As we did data augmentation in the beginning so we already have all the data set with all the transformations. So when we did the step 3 of training the last layer we already have the values stored(for all the images including original as well as augmented ones), so why do precompute=False when using cycle_len=1 in step 4. And how can we say we are using data augmentation specifically in this case as the dataset is same since we have applied the transformations. If we set precompute to True in step 4 can’t we increase the efficiency?

2 Likes

Great work @timlee.

I noticed a typo here:

learn.set_data(get_data(299,bs))
learn.fit(1e-2,3,cycle_len=1)
learn.fit(1e-2,3 cycle_len=1, cycle_mult=2)

There should be a comma “,” on the last line after the “3” and before “cycle_len=1”

Thank you.
Lou

1 Like

in the get_data function , why are we resizing the using data.resize(340 , ‘tmp’) , instead it should be resized to using following : data.resize(sz , 'tmp)

Also why are we passing sz argument in tfms_from_model function.

Hi Cedric, Can you share a link to these notes? Thanks.

Hi, I should have been clearer. When I say “the lesson/lecture notes”, I meant to refer to timlee’s notes which is already in this forum in the form of wiki threads. An example of these notes:

Understood, thanks for the clarification.
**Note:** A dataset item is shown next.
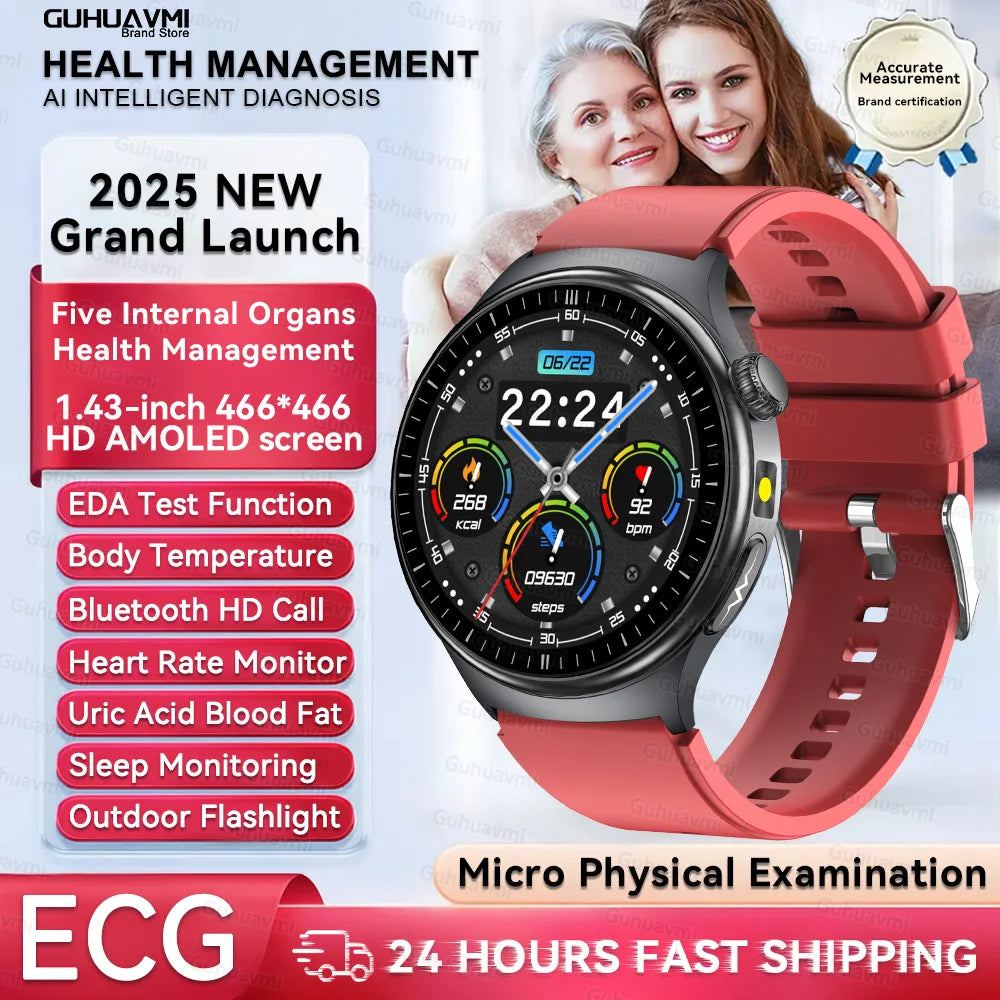 1.43'' HD Sapphire Smart Watch Bluetooth Call Blood Fat Uric Acid Heart Rate Body Analysis Five Organs Health Smartwatch Men Wom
Here is how my learning rate curve is looking. I’m not sure why. It doesn’t look anything close to what we see in cats vs dogs curve.

dog_breed_find_lr

Just for the reference cats and dog’s learning rate curve looks like the one below.

image

Clearly something is wrong with the plot I’m getting for my dog-breed identification.

Can anyone please let me know about the learning rate curve they are getting?

Okie I tried few more things. here is what I found.

In the example code “learn = ConvLearner.pretrained(arch,data, precompute=False, ps=0.5)”

Notice the additional ps=0.5. With that Y-axis starts at 1.8 which is higher compared to 0.9 in the case of cats vs dogs lr_find().

image

Which results in the graph as below.

dog_breed_find_lr

I removed that ps=0.5 value and now I’m getting the graph as shown below.

image

But now the Y axis is in the range 3 to 6. Looked in to the documentation for the class ConvnetBuilder

ps (float or array of float): dropout parameters

Not sure what droput parameter is at this moment. May be I’ll get to know in future lessons.